Ontem falei sobre filmes de terror, especificamente sobre o filme “o exorcista”, que sempre me causou o maior medo. Escrevi o texto, e quando ia colocar a imagem, travei.
Que imagem colocar?
Imediatamente minha mente foi inundada por imagens horríveis. Era a Linda Blair de tudo quando é jeito. Com cara de menina, com cara de monstra, voando, cuspindo, arrotando, vomitando, sendo possuída.
Tive calafrios. Pois como eu, que declaradamente não assisti ao filme de puro medo ia ter coragem de colocar uma imagem como aquelas? Além disso, na crônica o Zé falava que não viu o filme pois não queria estragar a vida dele. Na mesma hora, pensei.
“Não vou colocar essa imagem para não estragar meu blog para sempre!”
Decidi na hora.
Nada de imagem de Linda Blair, nada de imagem de exorcismo.
Foi quando voltei à estaca zero. Olha, quem só escreve em blogs sabe como essa coisa da imagem é essencial. Há muito que eu queria falar nisso. Em blogs as imagens são importantíssimas e absolutamente necessárias. É muito importante ilustrar, e muitas vezes a ilustração é tão importante quanto o teu texto. Não há possibilidade de você não colocar uma boa imagem, ainda mais num blog branquinho como o meu.
Fica muito sem graça blog sem imagem. Bocó.
Mas como fazer? O que colocar? Pensei no tema da crônica, o filme “o exorcista”. Comecei a pesquisar. Coloco alguém com medo dentro do cinema? Ou só alguém com medo? Coloco um cartaz de um filme de terror?
Um monstro?
Foi quando pensei nos meus medos. Essa coisa dos patinhos é invenção minha. Desde pequena, nas horas de pânico eu penso em... patinhos. Passei a usá-los para acalmar meus filhos dos pesadelos também, e dá certo. Patinhos, patinhos e patinhos.

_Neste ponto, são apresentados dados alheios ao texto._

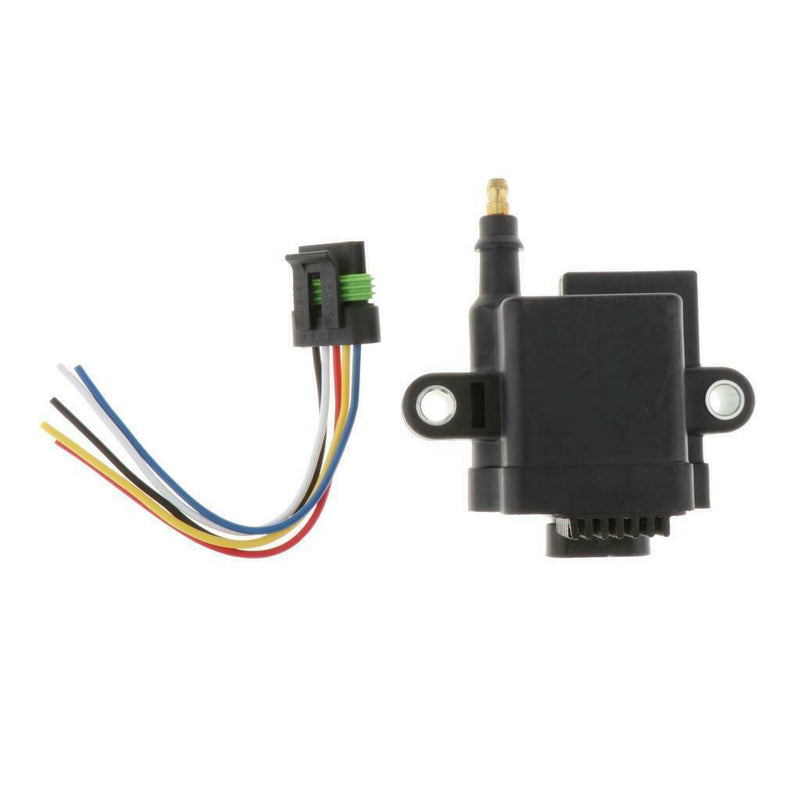 Replacement Ignition Coil +Pigtail Harness for  Optimax 300-879984T01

Quanto mais pesadelo, mais patinho. Entupa-se e patinhos e o pesadelo vai embora, essa é a teoria.
Já o Zé acha os patinhos aterrorizantes, pois fala que eles são o presságio da tragédia, mas eu não concordo. A teoria dele é que uma imagem de patinhos nadando calmamente numa lagoa é o minuto anterior à uma hecatombe nuclear ou coisa pior. Eu não acredito nessa invenção dele. Patinhos são “fofos”, e coisas fofas não dão medo: dão aquela coisa que faz a gente falar como criança.
- Ti bunitinho, ti fofinho, tititinho...
Decidido. Entrei no Google e digitei: “patinho”.
Achei um patinho lindo, bem fofo, e lasquei o patinho no post.
Não deu nem meia hora e lá veio um comentário do Márcio.
- Hã? Patinho? Não entendi.
A coisa foi além. As pessoas, ao invés de falarem do meu post do exorcista, ficaram indagando sobre o patinho. O que aquele patinho fazia ali? Que coisa de patinho era aquela?
Foi quando o Marcio voltou e falou que a imagem dos patinhos estava atrapalhando o post. E que eu deveria tirar o patinho.
Ele tem razão, pensei. Uma imagem não pode prejudicar um texto, e, afinal de contas, isso aqui é pra ser um blog de crônicas, não de imagens.
Resolvi tirar o patinho. Voltei ao Google, respirei fundo e resolvi enfrentar aquele monte de Lindas Blairs e exorcistas pavorosos. Ora bolas, sou uma adulta, gente. Tem cabimento ter "medo" de um filme? Segurei a respiração e optei por um cartaz do filme. Era meio tétrico, mas vá lá. A LindaBlair eu não colocaria.
Mudei também o nome do post, que passou a se chamar “um filme de terror”. Era o fim dos patinhos. Depois de tudo pronto, cliquei em ok.
Tudo certo.
Seu blog foi publicado com sucesso, blá, blá, blá.
Tocou o telefone, era alguma coisa de trabalho. Um telefonema emendou no outro, eu esqueci do blog, e, quando me voltei para o micro, vi que ele tinha dado um tipo de erro.
Tentei voltar, mas tudo sumiu. Mais erro. Erro, erro, erro. Foi quando o mouse travou. Depois tudo travou. O meu micro simplesmente teve que ser reiniciado do zero. Suspirei, mas fazer o quê?
Quando tudo estava ok, entrei na Internet de novo. E vim aqui ver o fim do patinho.
Mas quando abri o blog...
O patinho voltou! Credo! Nada que eu fiz vingou, vai entender o que houve. Só sei que, por algum motivo obscuro, estranho e provavelmente sobrenatural, o patinho continuou ai em baixo, firme.
Eu, hein? Melhor não mexer com isso.
Olha, confesso que me arrepiei um pouco. Talvez o Zé tenha razão. Esses patinhos...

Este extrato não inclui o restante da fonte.